I ask you to put your prejudices aside and let me introduce you to the friendly and powerful regex I know. Let's start with the basics.
What is a regex?
A regex is a string that matches a pattern of text. In most programming languages you surround the string with forward slashes so it is recognized and treated as a regex. /foo/
, /[0-9]+\.[0-9]+/
and /(0[1-9]|1[0-2])/(0[1-9]|[12][0-9]|3[01])/\d{4}/
are valid regular expressions. The first matches the sequence of characters 'foo', the second matches decimal numbers, and the third - dates.
When to use a regex?
Regular expressions are used when you need to find, replace, split or validate strings. These tasks are so essential that all the major programming languages have a built-in regex engine.
How to use a regex?
The capabilities of regular expressions are vast and we only go through the basics in this article. You can find more sophisticated use-cases and examples {{here}}.
Most characters, like letters and numbers, match themselves. Creating a regex composed of only alphanumerical characters will be no different than looking for a substring - a function present in the standard library of modern languages. In order to unlock the full potential of regular expressions, we add a little bit of special syntax in the form of quantifiers, tokens, anchors, and groups.
Quantifiers
Quantifiers are symbols that indicate how many times a given character should be matched.
Examples: ?, *, +, ...
Cheatsheet
a? - matches one or zero of a a* - matches zero or more of a a+ - matches one or more of a a{1} - matches exactly one of a a{1,3} - matches one, two, or three of a a{1,} - matches at least one of a
Examples
Lets's have a test sentence: Son, it's too soon for you to drink alcohol
,and the goal to match both son
and soon
.
We can write the following regular expressions that will do the trick
/so{1,2}n/
- there are either 1 or 2 "o"s -/soo?n/
- the second "o" is optional -/soo{0,1}n/
- the second "o" is an optional alternative
Tokens
Tokens generally start with a backslash \
and represent a single or a group of characters. They also provide a way for matching the special characters that are part of the regex syntax.

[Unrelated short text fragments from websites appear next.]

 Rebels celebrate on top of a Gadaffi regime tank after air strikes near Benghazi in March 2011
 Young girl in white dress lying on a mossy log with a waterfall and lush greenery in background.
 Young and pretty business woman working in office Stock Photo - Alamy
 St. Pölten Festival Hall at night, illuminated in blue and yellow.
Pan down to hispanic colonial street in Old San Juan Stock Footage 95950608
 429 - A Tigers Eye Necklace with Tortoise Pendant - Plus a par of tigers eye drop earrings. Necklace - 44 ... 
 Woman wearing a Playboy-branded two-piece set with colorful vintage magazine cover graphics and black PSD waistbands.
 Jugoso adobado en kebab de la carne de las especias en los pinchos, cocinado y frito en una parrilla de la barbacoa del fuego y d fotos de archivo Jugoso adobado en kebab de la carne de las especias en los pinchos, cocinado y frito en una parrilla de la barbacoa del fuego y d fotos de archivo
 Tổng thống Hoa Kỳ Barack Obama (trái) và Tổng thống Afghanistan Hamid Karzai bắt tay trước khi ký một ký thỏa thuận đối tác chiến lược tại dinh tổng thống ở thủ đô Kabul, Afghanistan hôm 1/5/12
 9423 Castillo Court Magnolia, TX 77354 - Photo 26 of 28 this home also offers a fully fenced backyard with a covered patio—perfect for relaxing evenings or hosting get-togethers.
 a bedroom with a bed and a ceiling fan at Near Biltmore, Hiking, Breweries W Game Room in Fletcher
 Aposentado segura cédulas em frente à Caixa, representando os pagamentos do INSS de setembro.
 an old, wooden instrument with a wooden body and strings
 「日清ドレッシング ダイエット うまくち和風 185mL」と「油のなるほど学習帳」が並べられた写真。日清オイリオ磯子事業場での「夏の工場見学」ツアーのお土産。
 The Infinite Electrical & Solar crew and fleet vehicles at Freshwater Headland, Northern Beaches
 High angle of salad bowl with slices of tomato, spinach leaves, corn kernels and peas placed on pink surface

Examples: ?, +, \s, \d, \D, \n, \t, ...
Cheatsheet
? - matches the character ? + - matches the character + \s - matches the whitespace character \d - matches any digit \D - matches any non-digit; the opposite of \d \n - matches the newline character \t - matches the tab character . - matches any character [abc] - matches a single character: a, b or c [a-z] - matches a single character in the range from a to z [0-9] - matches any digit
Examples
/\?{3}/
- matches 3 consecutive question marks -/\s+/
- matches one or many spaces ⠀◦ useful for splitting user input - like names -/\d{4}/
- matches 4 consecutive digits ⠀◦ think of years, ZIP codes -/fi.e/
- matches fire, file, five, because the 3rd character can be anything -/[A-Z][a-z]+/
- matches words that begin with an uppercase letter and have at least 2 letters -/[0-5][0-9]/
- matches all numbers that represent seconds ⠀◦ Imagine a digital clock that goes from 00 to 59
Anchors
Anchors indicate the start and the end of strings and boundaries.
Examples: ^, $, \b, \B
Cheatsheet
^ - start of string & - end of string \b - word boundary; a position between alphanumerical characters and non-alphanumerical characters \B - non-word boundary; a position between two alphanumerical characters or two non-alphanumerical characters
Examples
/^Regex/
- matches strings that begin with Regex-/regex.&/
- matches strings that end with *regex. *-/^Some\b/
- matches strings that begin with the word Some
Groups
Groups, or capturing groups, are a way to treat multiple characters as the same unit. This way you can isolate regex logic inside a group, or name a group so you can inspect what text it has matched.
Cheatsheet
({regex}) - a group is indicated with brackets around your custom {regex} (?<{name}>{regex}) - you name a group by writing a question mark right after the opening bracket and surrounding the {name} with less than and more than signs
Examples
/(\d+)/
- captures all numbers -/(?<long_spaces>\s{2,})/
- captures occurrences of two, or more, consecutive spaces
Extras
There are logical operators in regex too! You can negate and use or, just like in your favorite programming language.
Cheatsheet
^ - negation | - or
Examples
/[^a-z]/
- matches any character which is not a lowercase letter from the English alphabet -/al|eal/
- matches either the 2 characters al, or the word *eel *-/(al|ea)l/
- matches either the word all, or the word *eel *⠀◦ note that using a group isolates the or logic inside of it
Bringing the pieces together
Regular expressions need some time to sink in. Piling up more syntax will only confuse you so let us practice instead.
Email validation
Basic
/[^@]+@[^.]+\.[a-z]{2,}/
This should be one of the simplest regular expressions that validate emails. It can be broken down into 5 parts:
[^@]+
- matches one or more characters that are not the character @ -@
- matches the character @ -[^\.]+
- matches one or more characters that are not the character . ⠀◦ we escape the dot character as it can also mean any character! -\.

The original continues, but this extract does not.